**WHAT THIS TASK INVOLVES:** What are the lines from the top of the entries below through the line containing "KIA Optima Lx 2016 KNAGT4L36G5104053 Image 2"? Return them exactly, both ends included, without the pictures.

**DATA TO USE:**
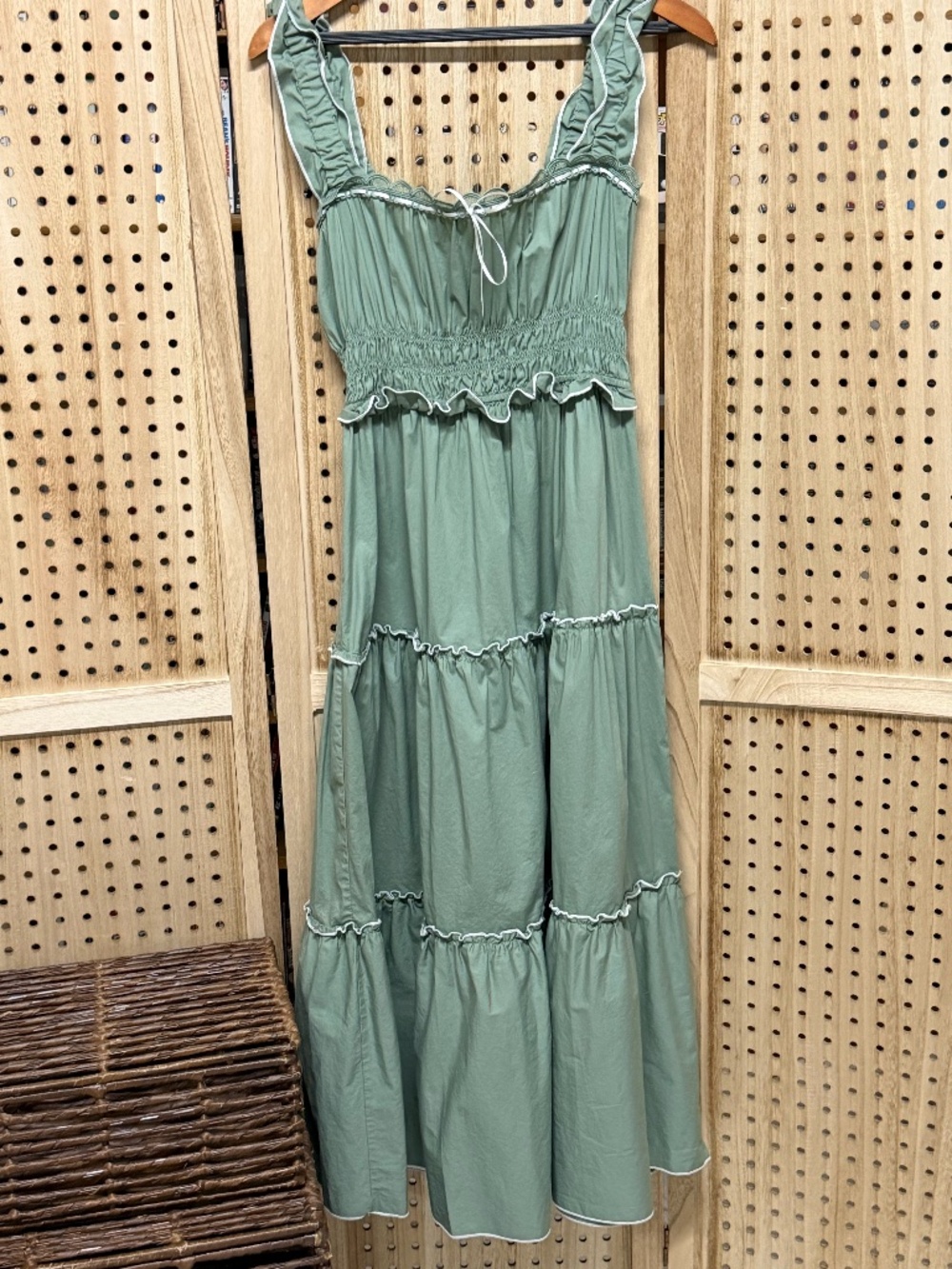 Francesca’s Raquel Smock Waist Tiered Maxi Dress Sage Green Size M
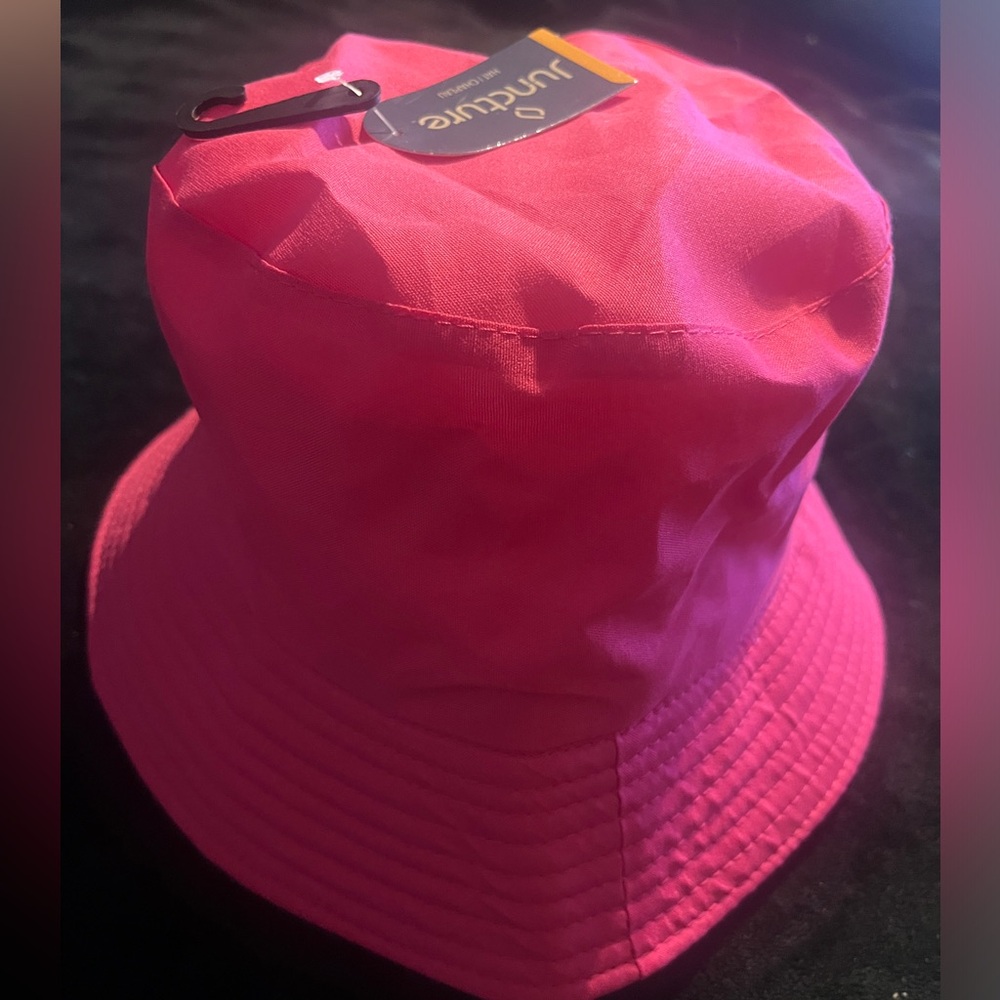Juncture Women’s Pink Hat / white underneath. NWT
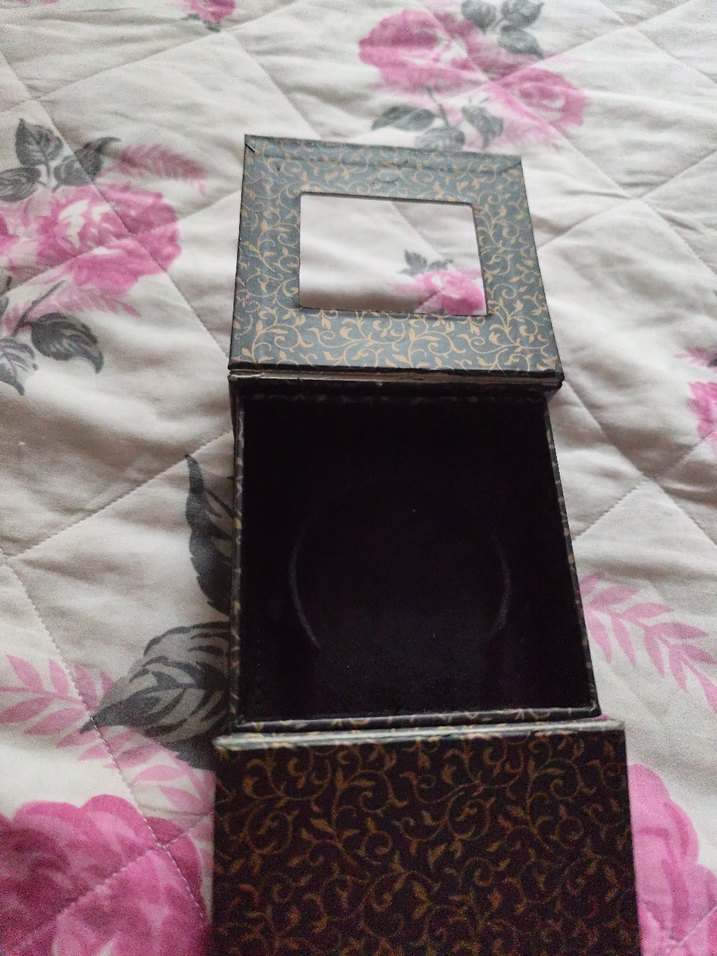 Parlak Altın Renkli Kadın Kol Düğmeleri kutusu - Görsel 3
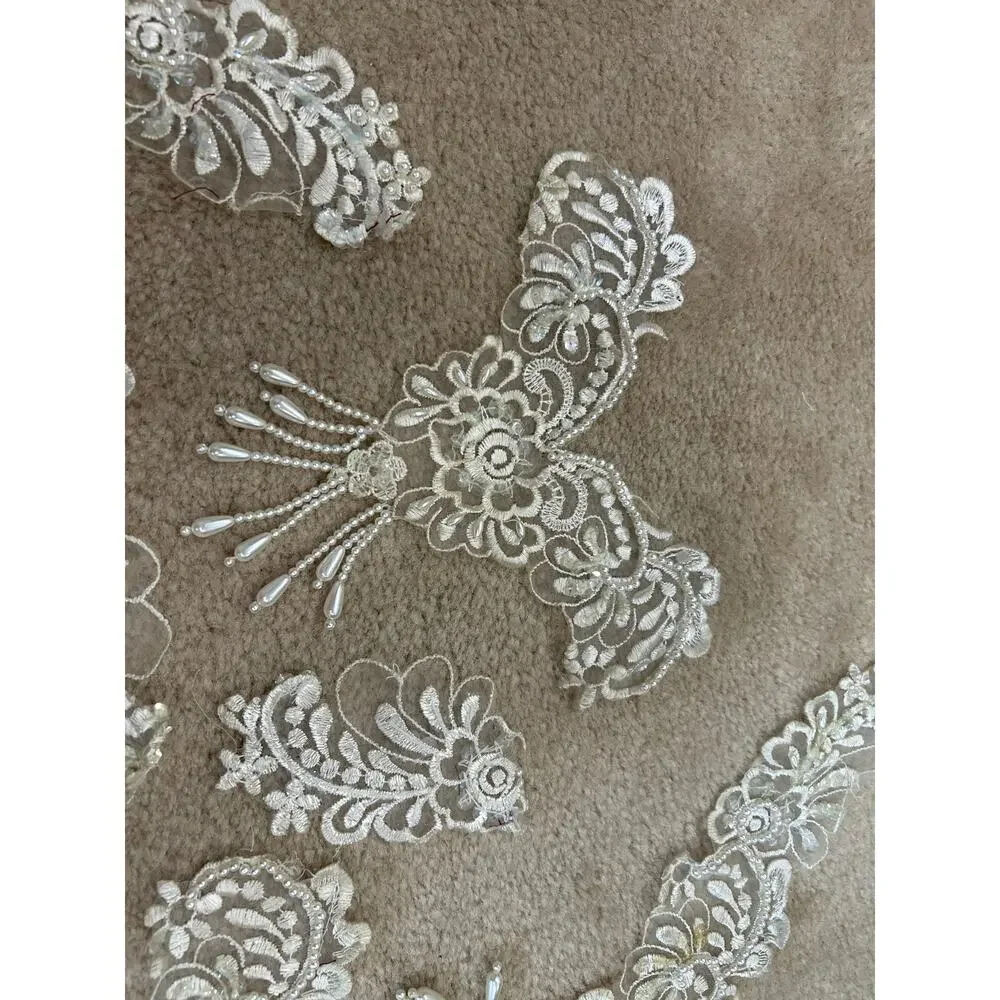 Ivory and Silver beaded lace applique 9 piece floral motiff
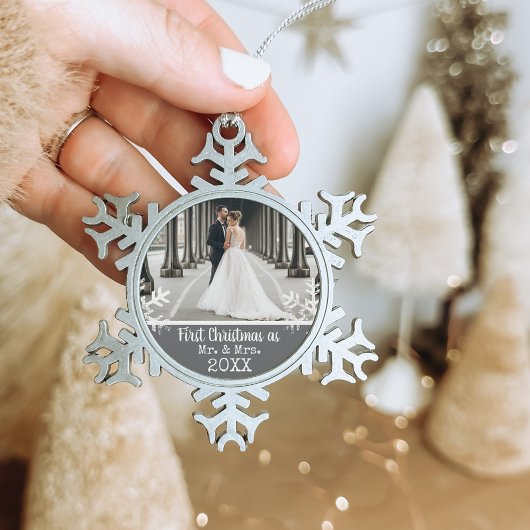 カスタム結婚式の写真 グレー最初のクリスマス 夫婦 スノーフレークピューターオーナメント
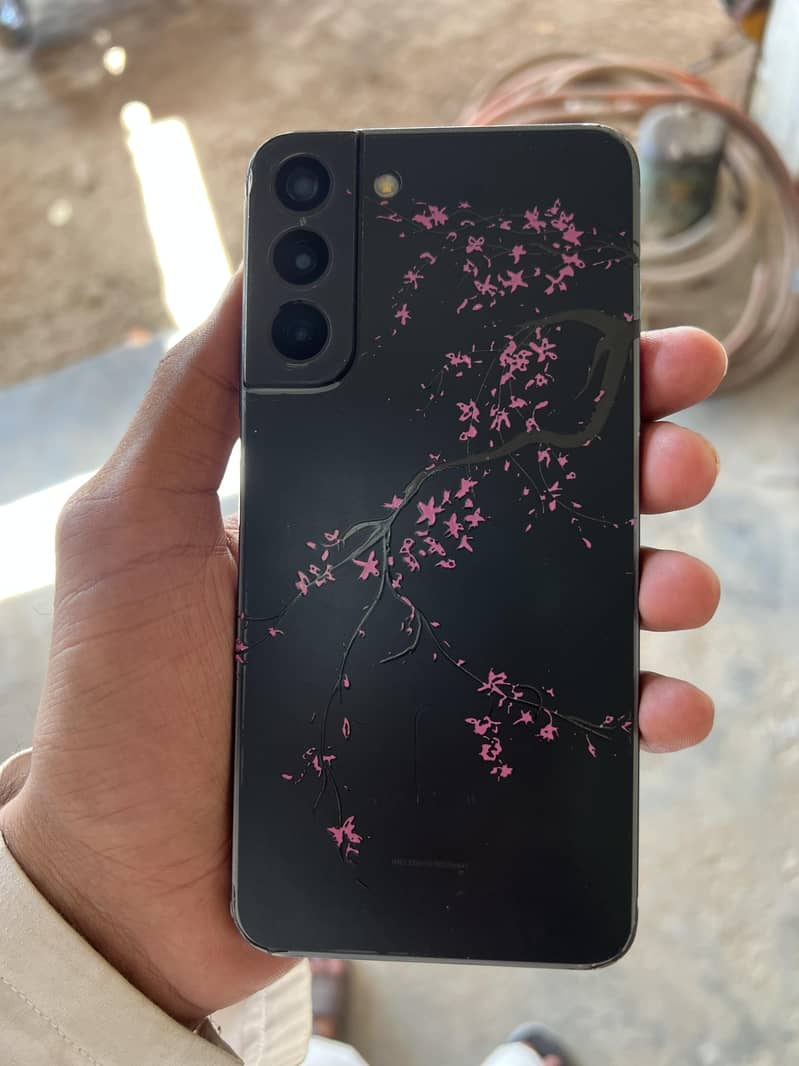 Samsung Mobile S22 Plus 1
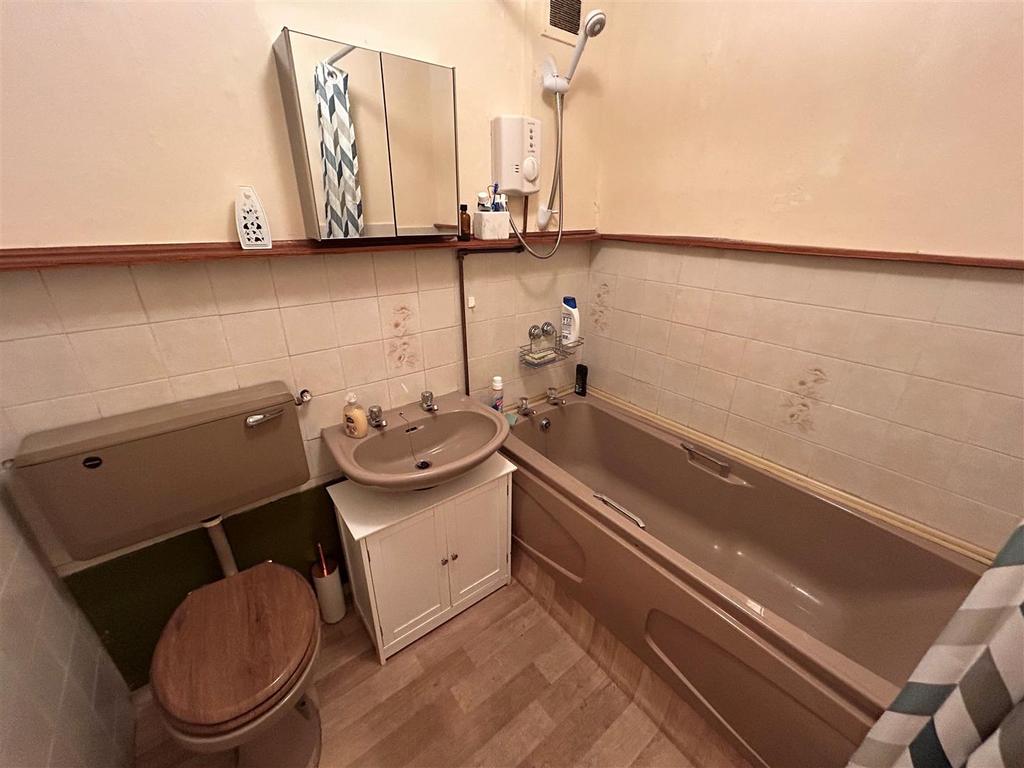 Bath elwoood.jpg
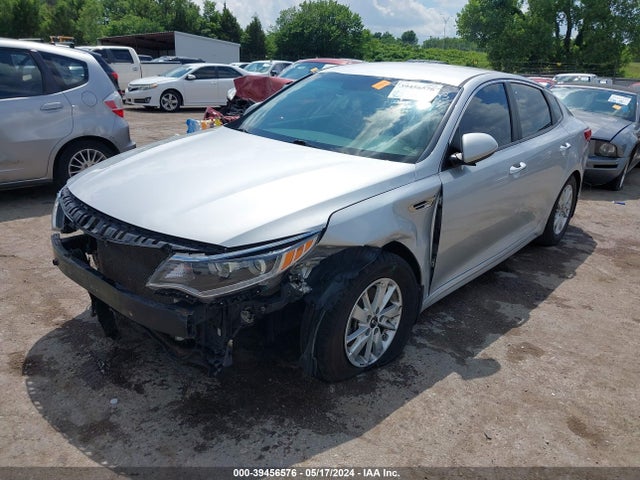 KIA Optima Lx 2016 KNAGT4L36G5104053 Image 2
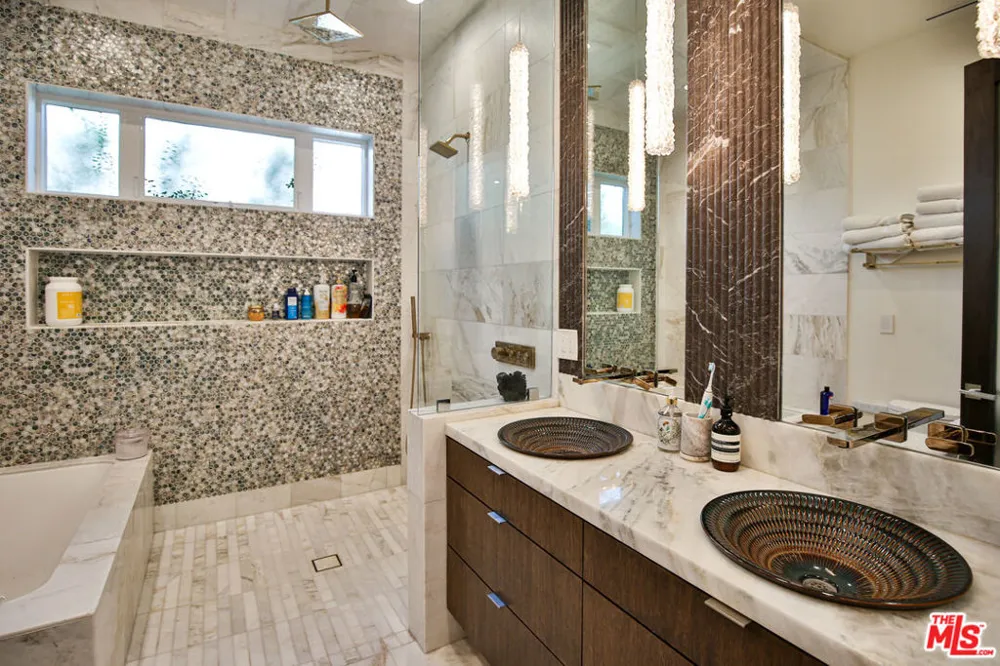 8501 Belford Avenue Los Angeles, CA 90045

**SOLVED EXERCISE:**
 Francesca’s Raquel Smock Waist Tiered Maxi Dress Sage Green Size M
Juncture Women’s Pink Hat / white underneath. NWT
 Parlak Altın Renkli Kadın Kol Düğmeleri kutusu - Görsel 3
 Ivory and Silver beaded lace applique 9 piece floral motiff
 カスタム結婚式の写真 グレー最初のクリスマス 夫婦 スノーフレークピューターオーナメント
 Samsung Mobile S22 Plus 1
 Bath elwoood.jpg
 KIA Optima Lx 2016 KNAGT4L36G5104053 Image 2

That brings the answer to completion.